(TRY IT) Only the lines from the one that contains "Vintage Bloom Block" through the last line of the data below should be duplicated, exactly and without pictures.

[Start of section]

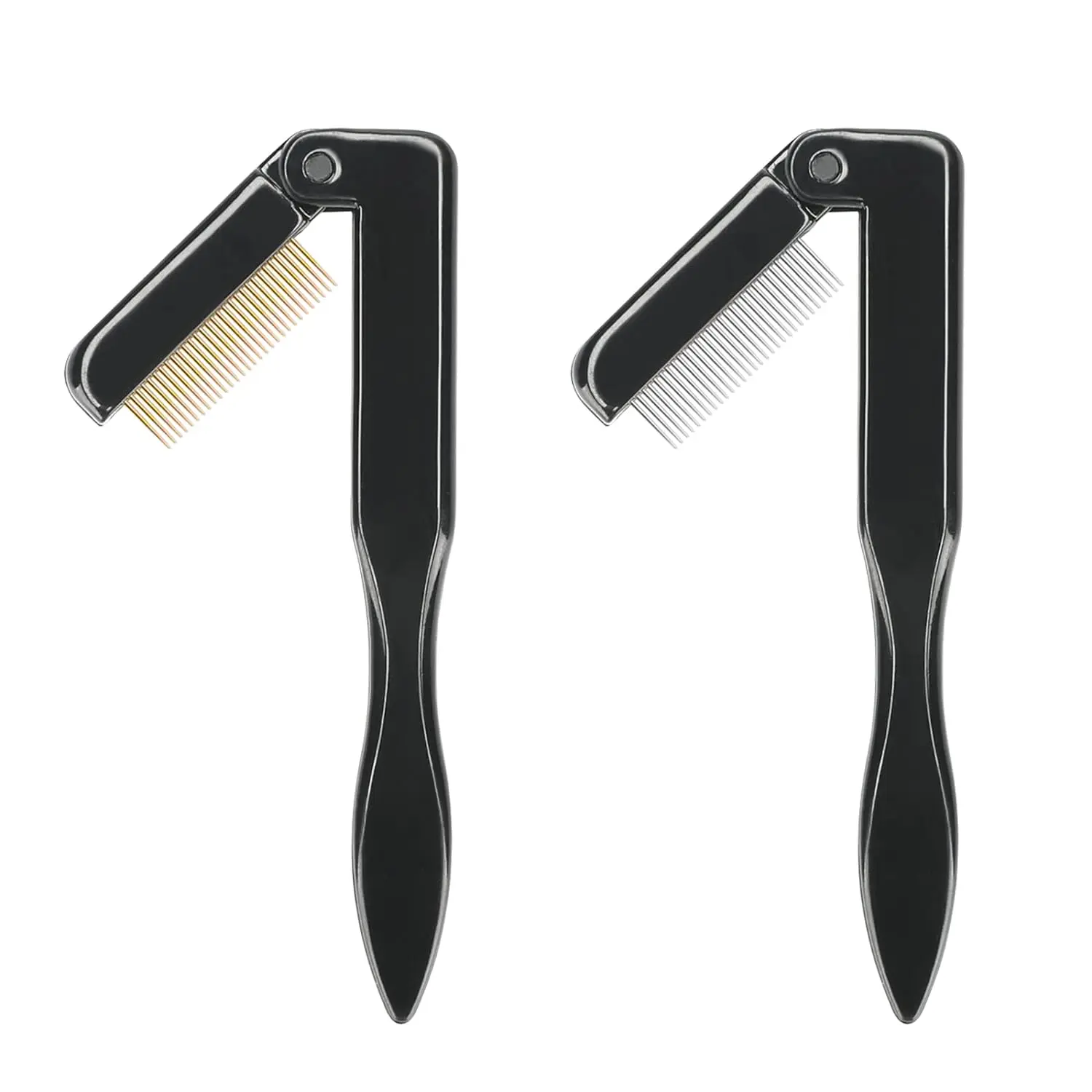 Folding Eyelash Comb, 2PCS Metal Teeth Eyebrow Comb Separator, Professional Makeup Tool for Defining Lash and Brow (Baby Pink)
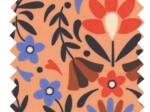 Tissu enduit  au mètre ex2574 fleuri rétro caramel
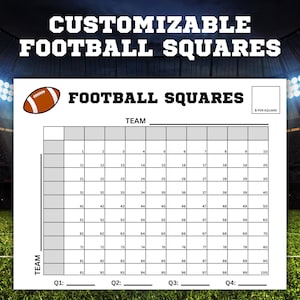 Puede incluir: Una plantilla de juego de cuadrados de fútbol imprimible con un gráfico de fútbol y el texto "Football Squares". La plantilla está dividida en 100 cuadrados, numerados del 1 al 100. Los cuadrados están etiquetados con los números del 1 al 100, y hay espacios para los nombres de los equipos y las puntuaciones.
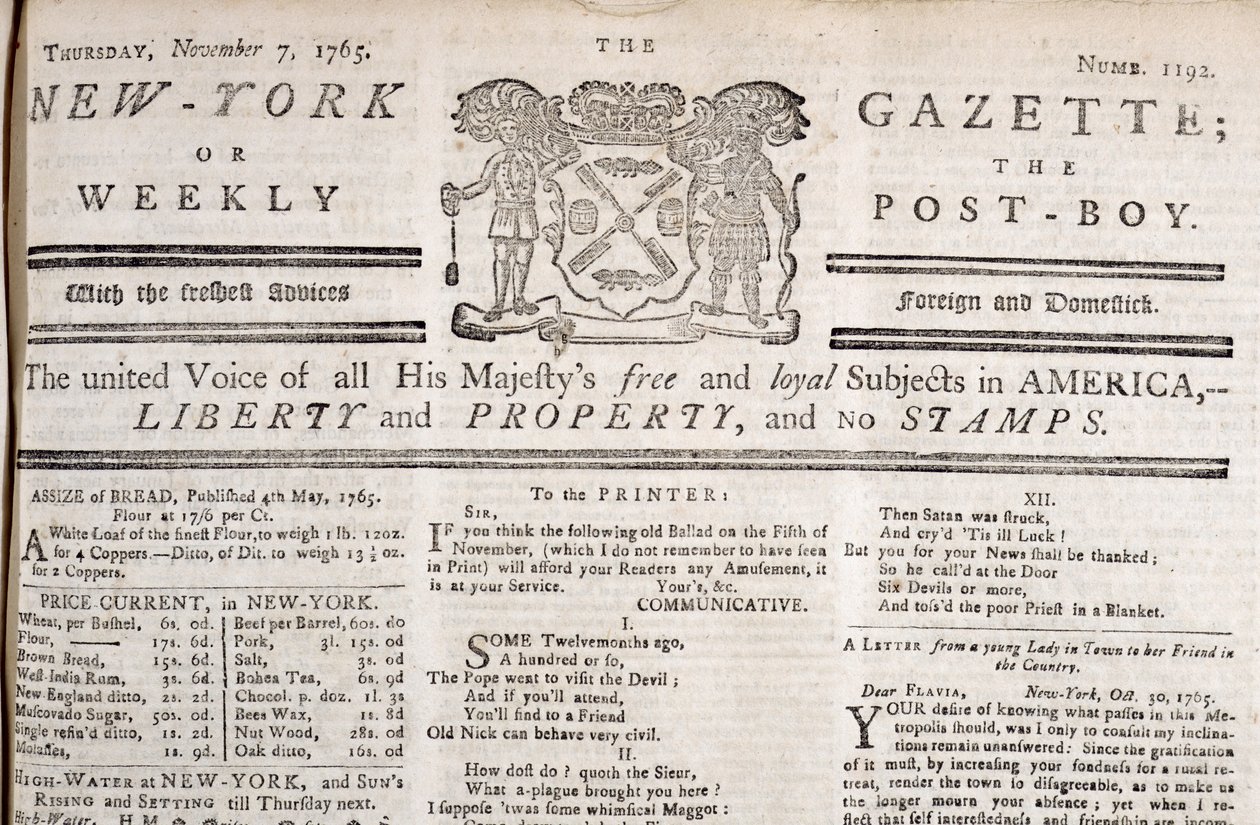 Kopfzeile der New York Gazette, die ihre Opposition zu den Stempeln erklärt, gedruckt am 7. November 1765 von American School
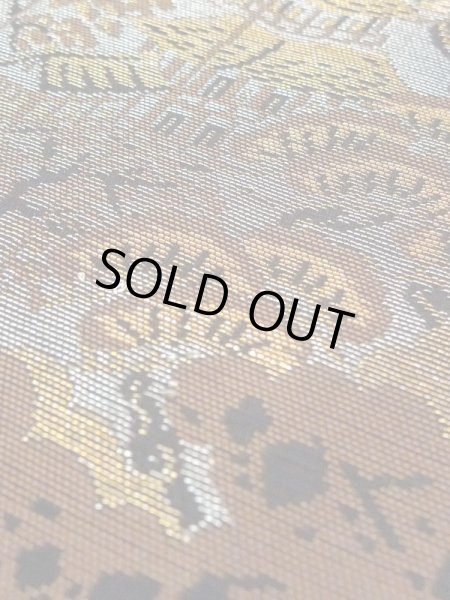 Photo8: N0321F Vintage Japanese women   Black MICHIYUKI outer coat / Silk. Pine tree/branch/needle,   (Grade C) (8)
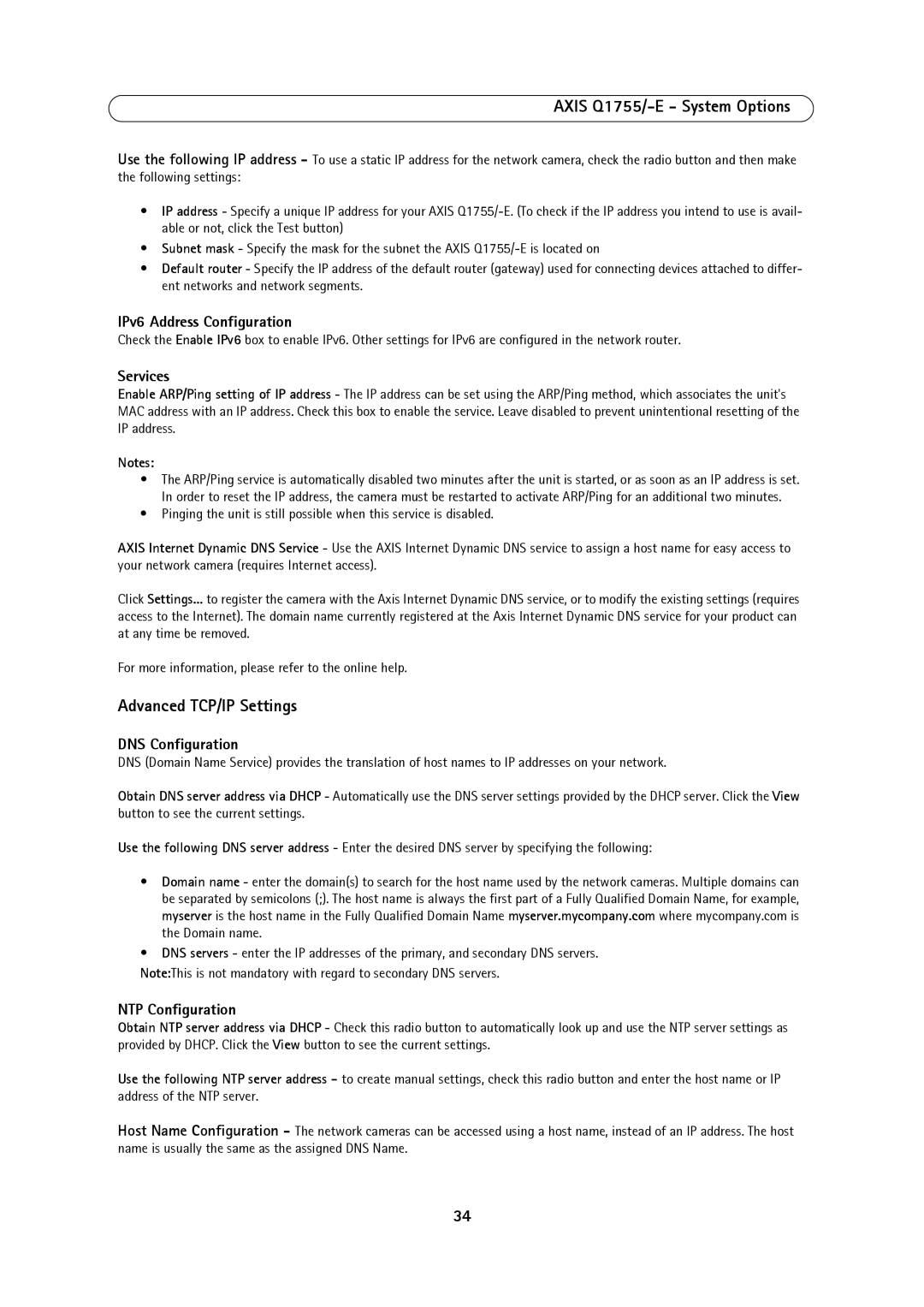 Axis Communications AXIS Q1755 Advanced TCP/IP Settings, IPv6 Address Configuration, Services, DNS Configuration 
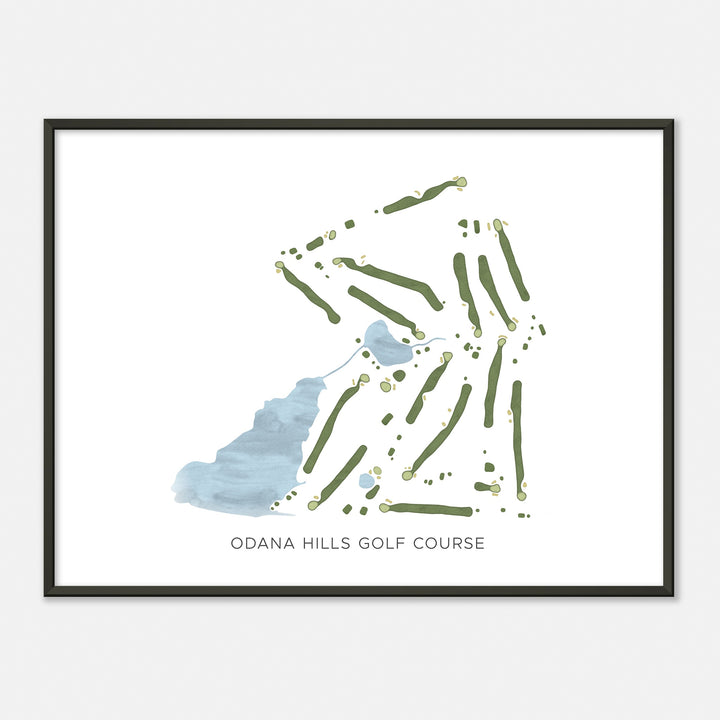 Print of Odana Hills Golf Course Modern Map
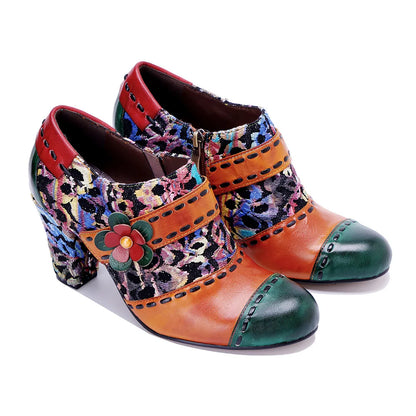 Vintage Bloom Block Heels – Retro Handmade Charm | Mint Crush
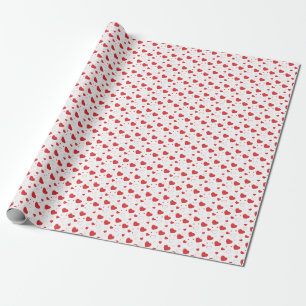 Papier Cadeau Coeurs de passion rouge brillant, motif romantique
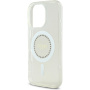 Guess IML Rhinestones Ring kryt s MagSafe pro iPhone 16 Pro - čirý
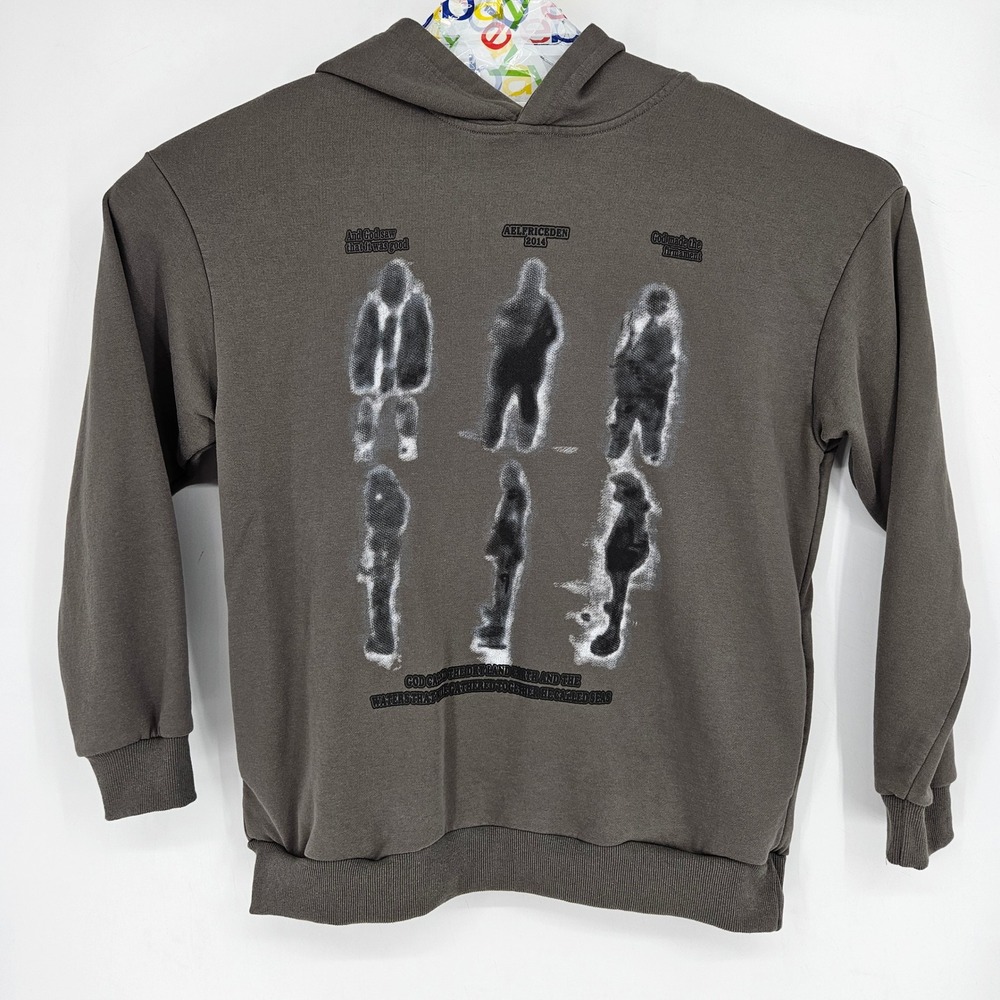 Aelfric Eden Hoodie Mens Medium Gray Pullover Outdoors Blurred Figures Oversize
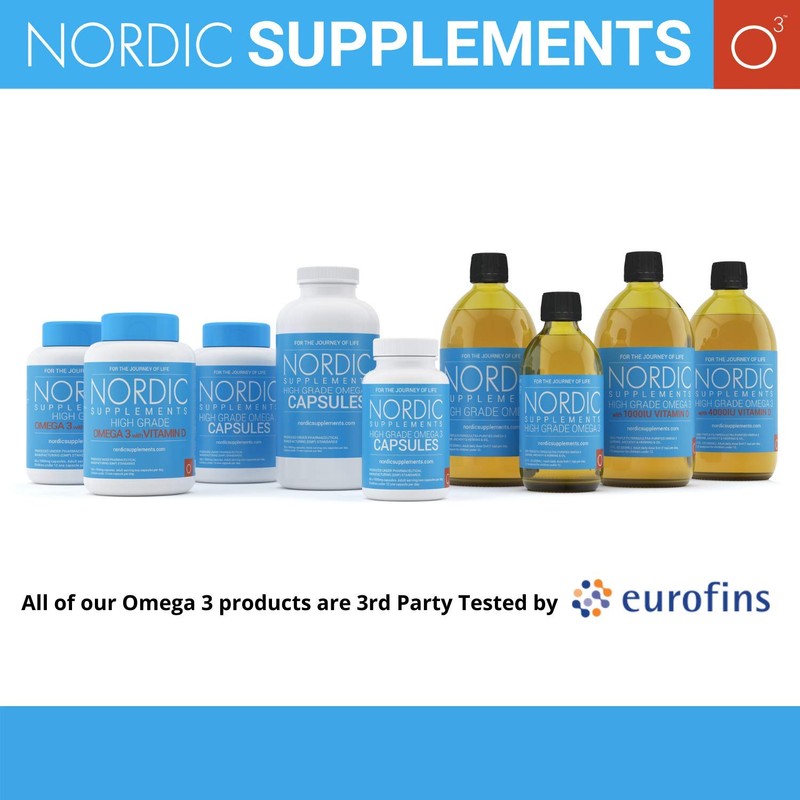 Nordic Supplements Omega 3 Fish Oil 1000mg with Vitamin D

[End of section]

(RESPONSE BELOW)
 Vintage Bloom Block Heels – Retro Handmade Charm | Mint Crush
 Papier Cadeau Coeurs de passion rouge brillant, motif romantique
 Guess IML Rhinestones Ring kryt s MagSafe pro iPhone 16 Pro - čirý
 Aelfric Eden Hoodie Mens Medium Gray Pullover Outdoors Blurred Figures Oversize
 Nordic Supplements Omega 3 Fish Oil 1000mg with Vitamin D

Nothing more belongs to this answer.